The mid-Texas town of Sweetwater - heretofore famous as the place where the world's largest rattlesnake roundup is held, is fast becoming known as the wind-power capital of the USA. I found this truly fascinating news in an article read while browsing yesterday's New York Times as I ate lunch at the Co-Op. The article Move Over Oil, There's Money in Texas Wind, made me even happier than did my spinach and onion frittata and organic french-fries (and I was really hungry, too!). To discover that

Texas, once the oil capital of North America, is rapidly turning into the capital of wind power. After breakneck growth the last three years, Texas has reached the point that more than 3 percent of its electricity, enough to supply power to one million homes, comes from wind turbines.

Texans are even turning tapped-out oil fields into wind farms, and no less an oilman than Boone Pickens is getting into alternative energy.

“I have the same feelings about wind,” Mr. Pickens said in an interview, “as I had about the best oil field I ever found.” He is planning to build the biggest wind farm in the world, a $10 billion behemoth that could power a small city by itself.
sent me into the rest of my Saturday with a huge grin on my face. Furthermore, this article is but the latest in a series the NYT has been compiling for two years now - and how the hell I missed this incredible listing of articles for so long is beyond me. The answer could easily be that most of the articles are from the Business section, not Science or Environment; it's not a section to which I normally pay much attention.

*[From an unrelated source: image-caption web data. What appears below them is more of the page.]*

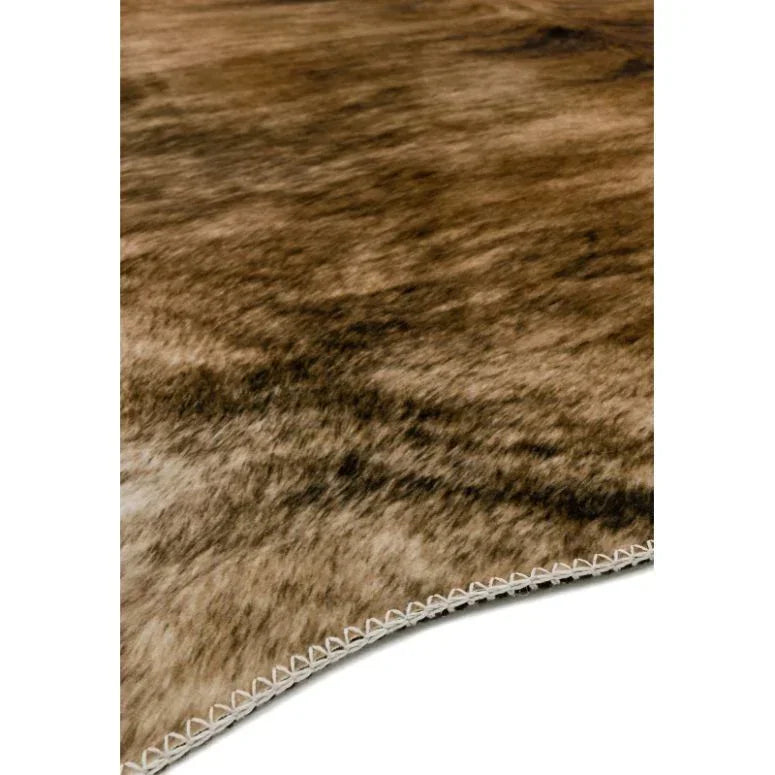Brown faux fur rug with stitched edge on a white background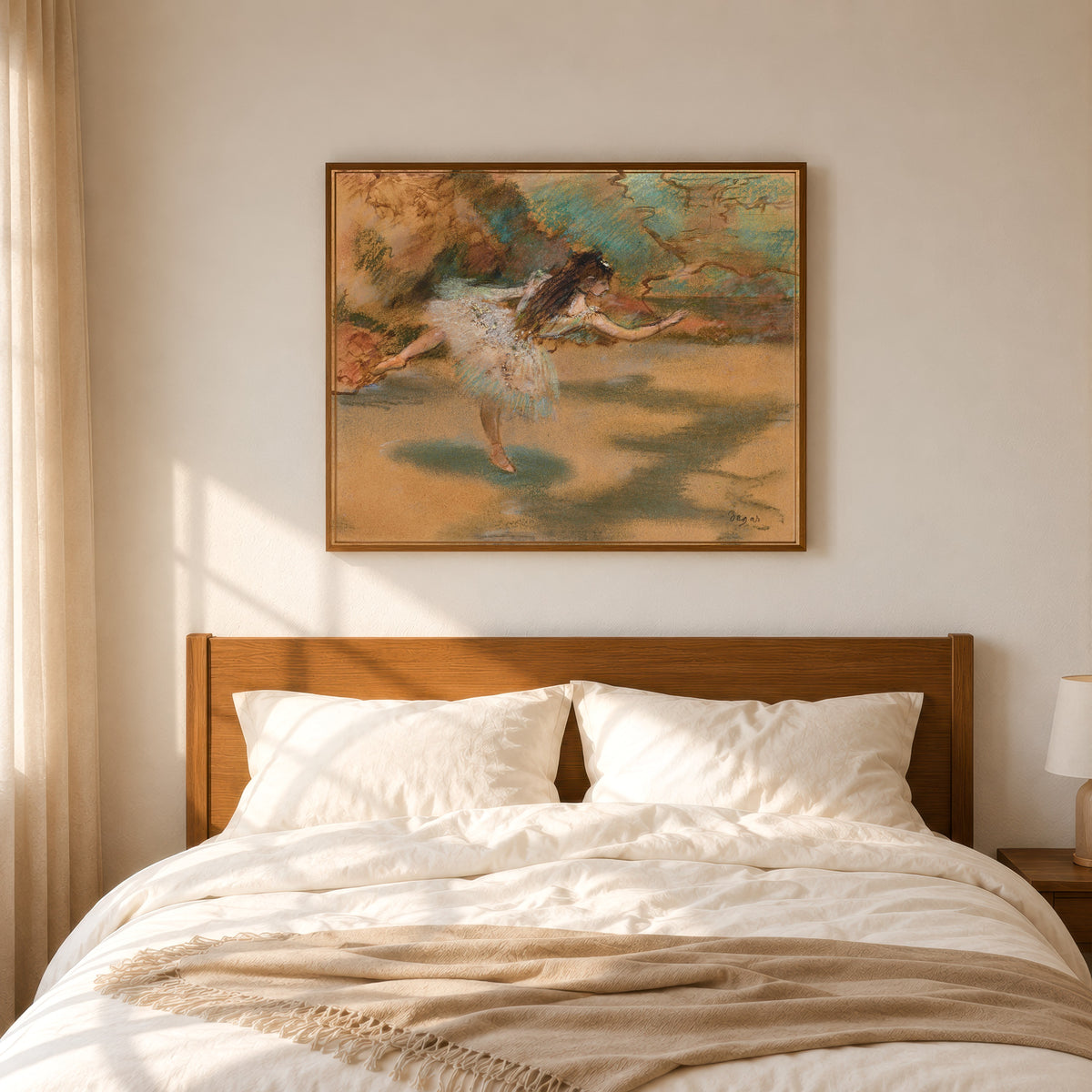Framed art print of Dancer on Pointe by Edgar Degas, in a slim wood frame above a bed in a sunlit bedroom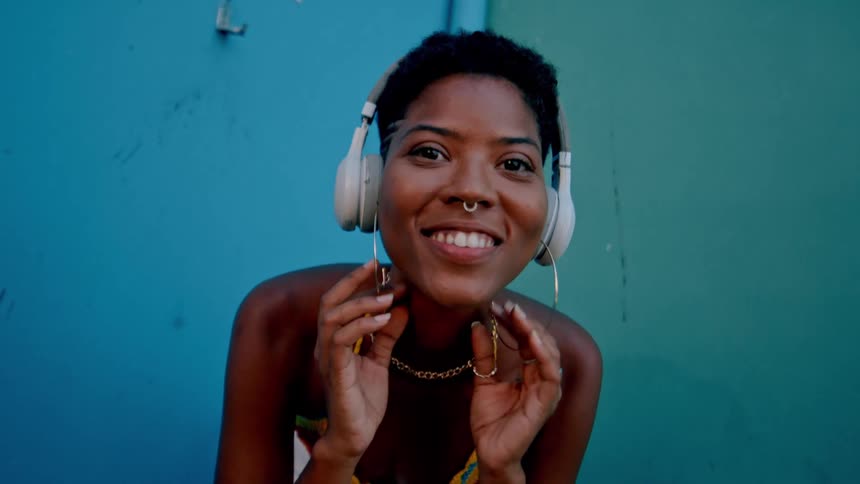 The woman is smiling while listening to music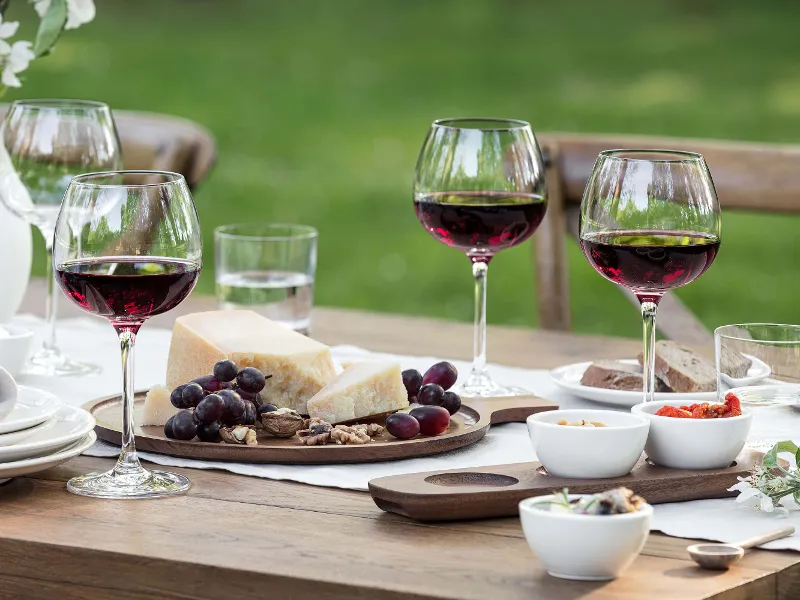 A table with Purismo red wine glasses, dip bowls and an antipasti platter from Artesano.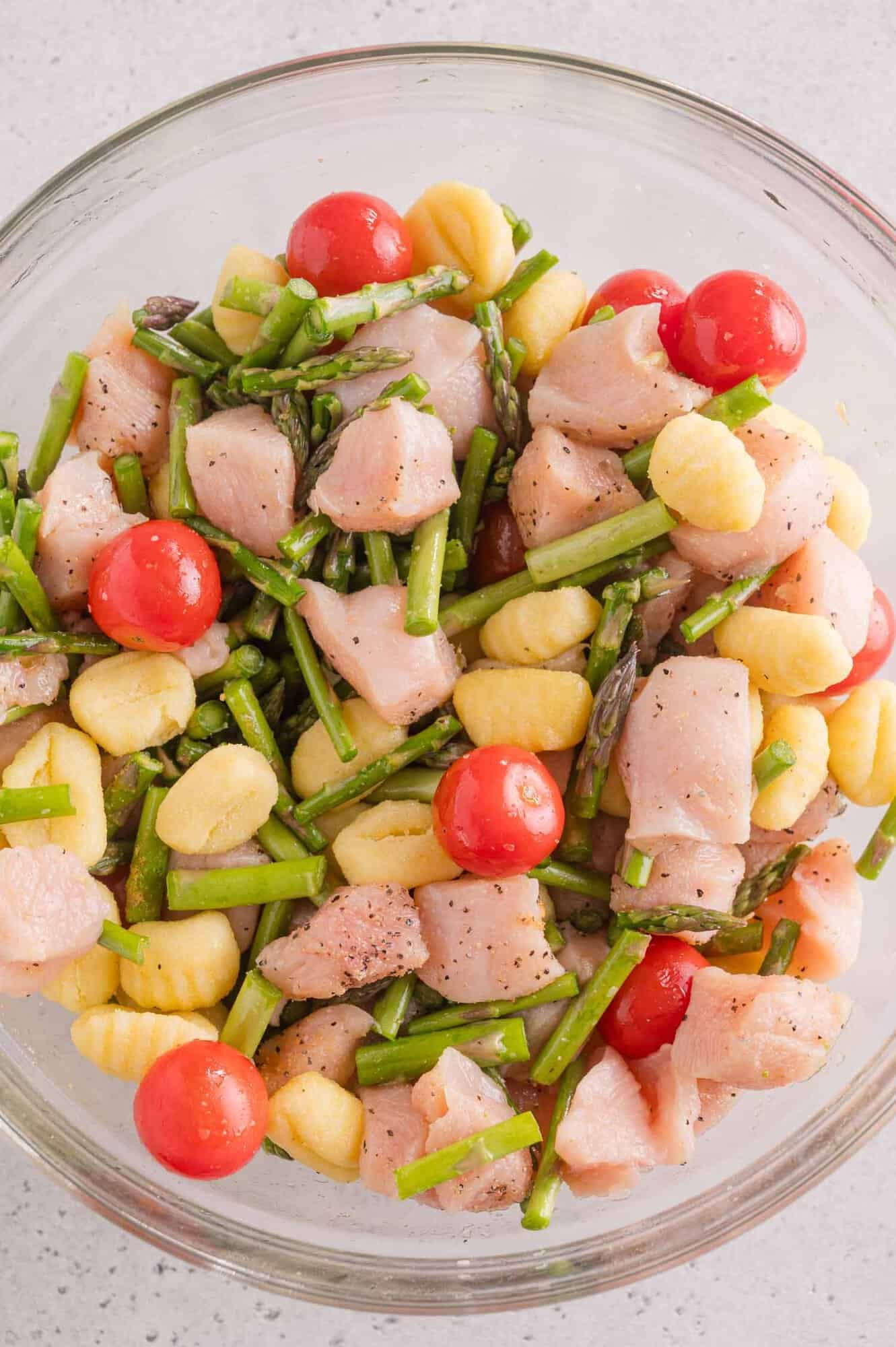 A glass bowl contains raw diced chicken, gnocchi, cherry tomatoes, and chopped asparagus, all seasoned with black pepper.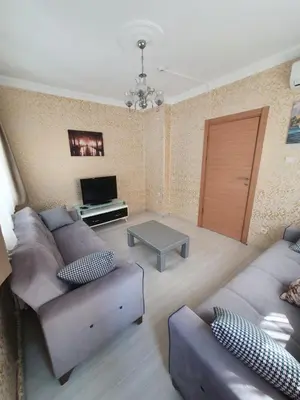 a living room with a couch and a table at Efe Apart Hotel in Istanbul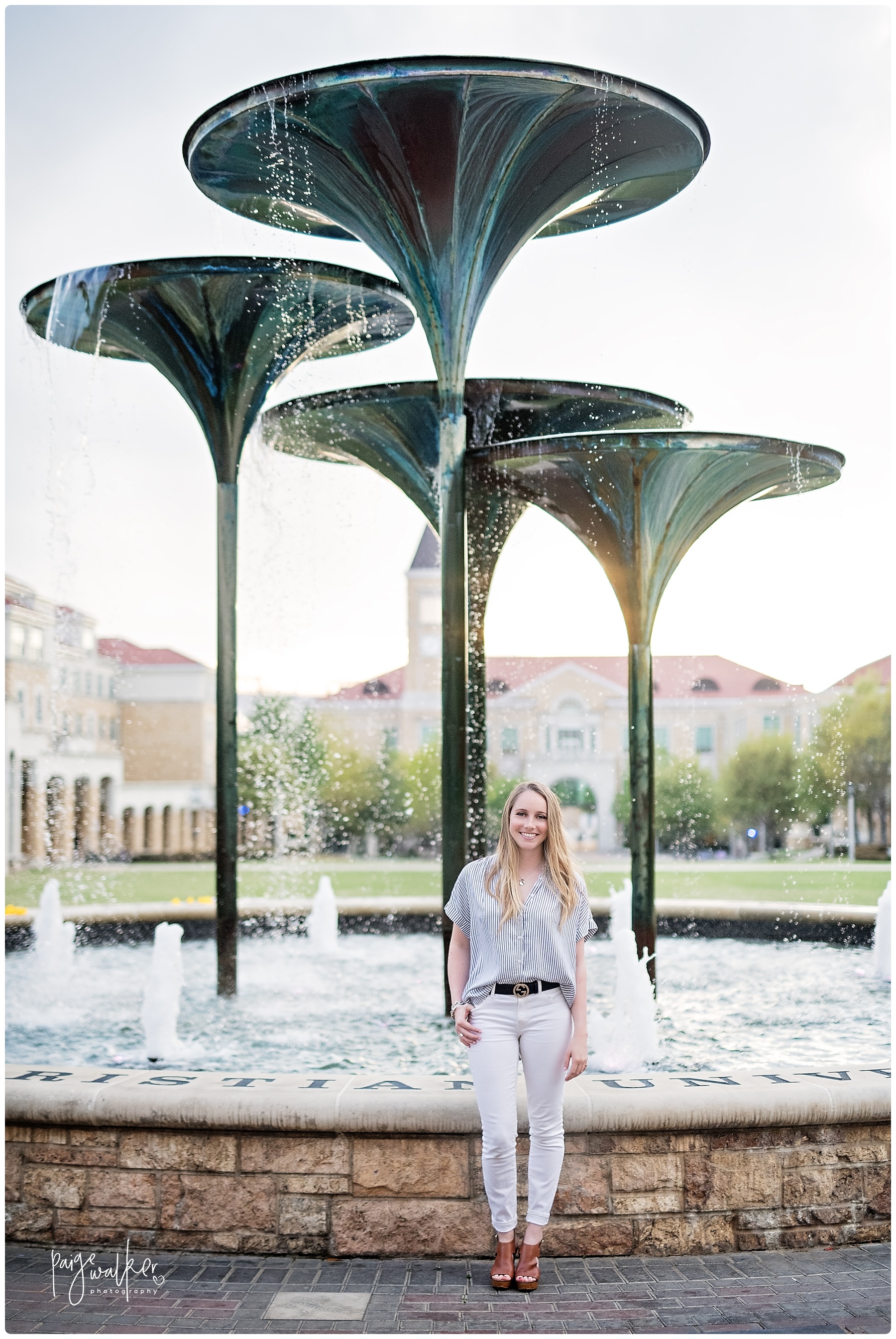 TCU senior standing in front of frog fountain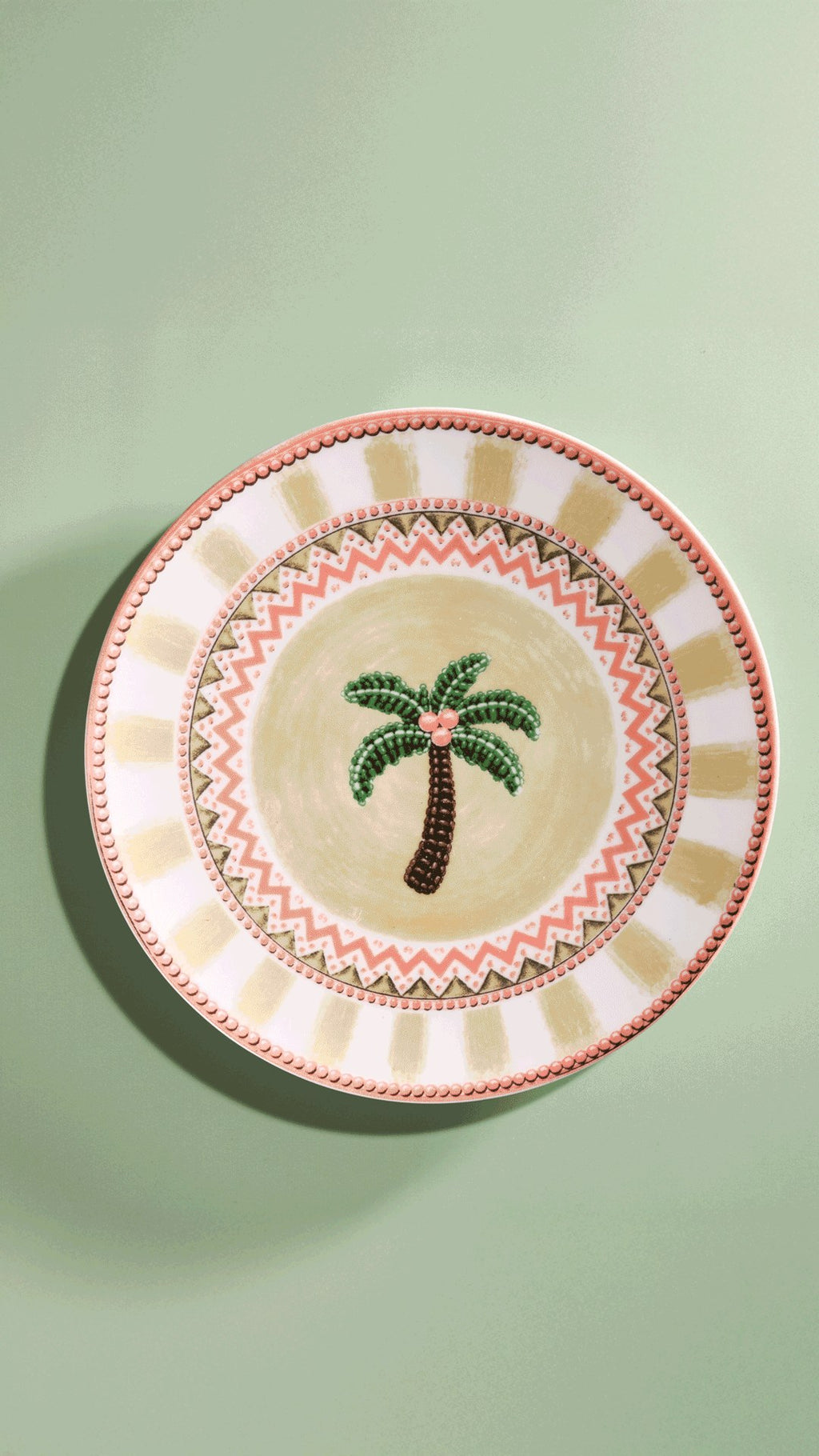 A Tale in Beads dinner plate photographed upright on sage green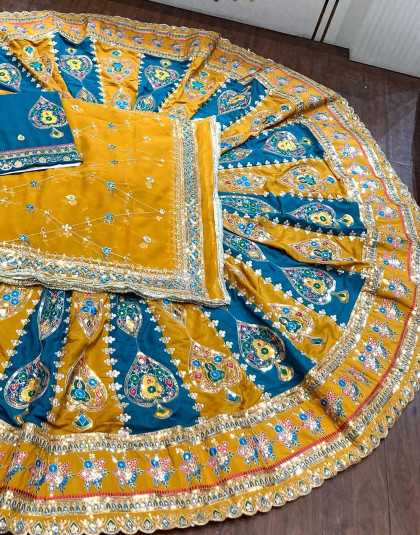 boutique poshak in peacock blue and yellow colors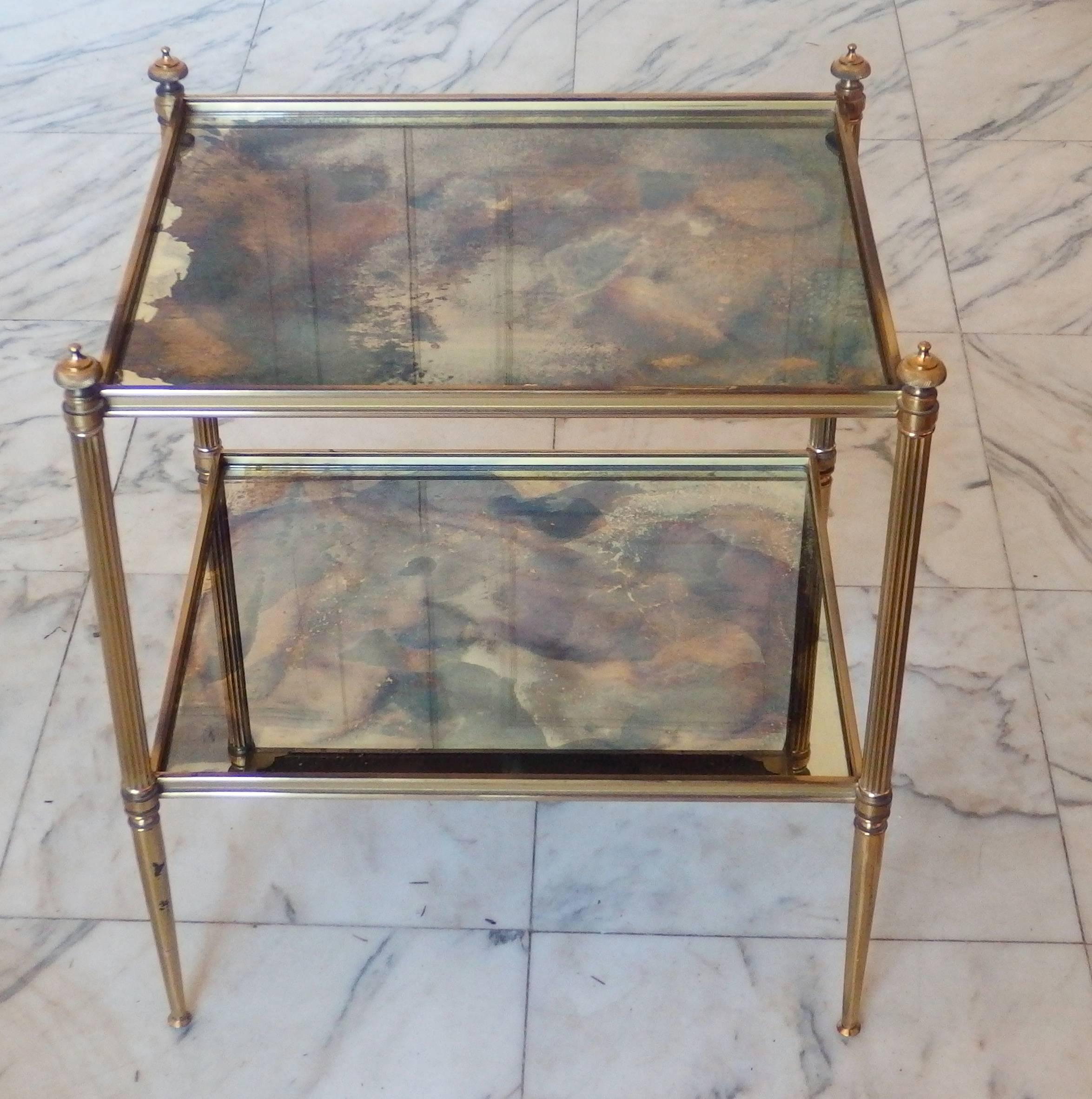 Pair of two-tier brass end tables with eglomised mirror glass.
  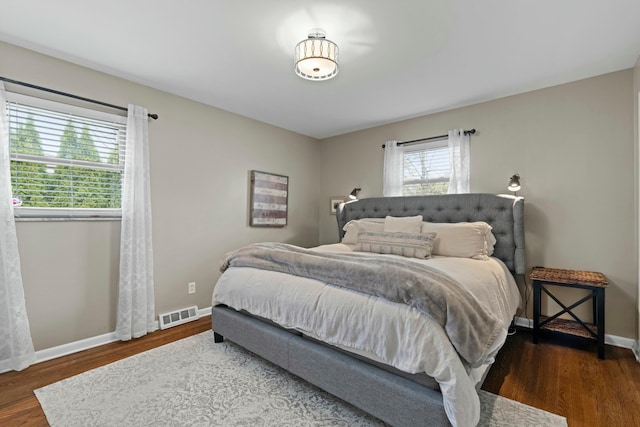 bedroom featuring visible vents, baseboards, and wood finished floors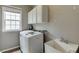 Functional laundry room with a modern washer and dryer, sink, and storage cabinets at 457 Skiles Ct, Suwanee, GA 30024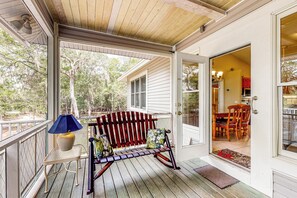 A wooden porch with a bench and a table, a door leading inside, and a view of the outdoors. - Charming Suwanee House and Bungalow! (Bell)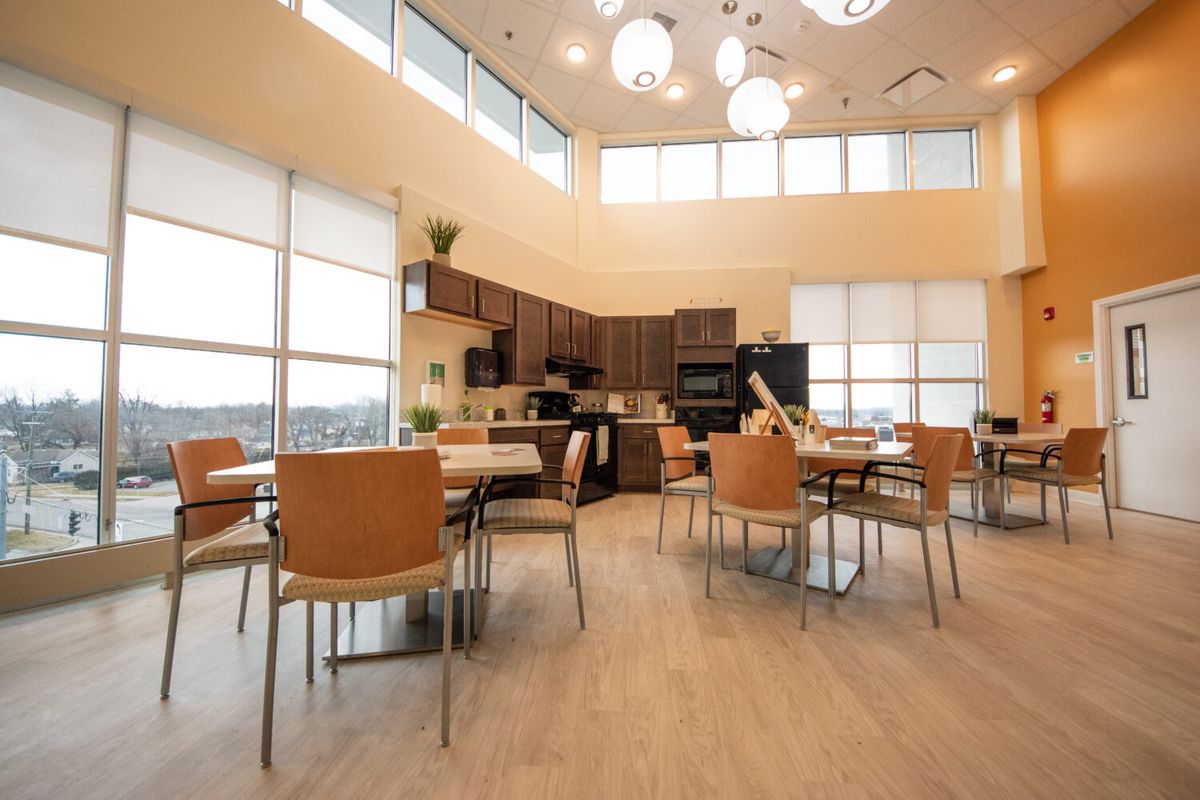 A modern kitchen and dining area with large windows, wooden furniture, and contemporary lighting.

Titled, The Energy Challenge, the stated purpose of the series is to "periodically examine the ways in which the world is, and is not, moving toward a more energy efficient, environmentally benign future." That these articles are mainly from the Business section of the paper is, however, most illuminating. Despite the footdragging on finding new energy sources we've seen in government these past eight and a half years, there is progress being made in many other sectors.

Check out The Energy Challenge as you have the time. The only other article I have so far read in the series, In the Desert, Harnessing the Power of the Sun by Capturing Heat Instead of Light, about a solar thermal installation in the Nevada desert, also has quite lifted my spirits. Tankwoman, take note!! It's happening, baby, it really is!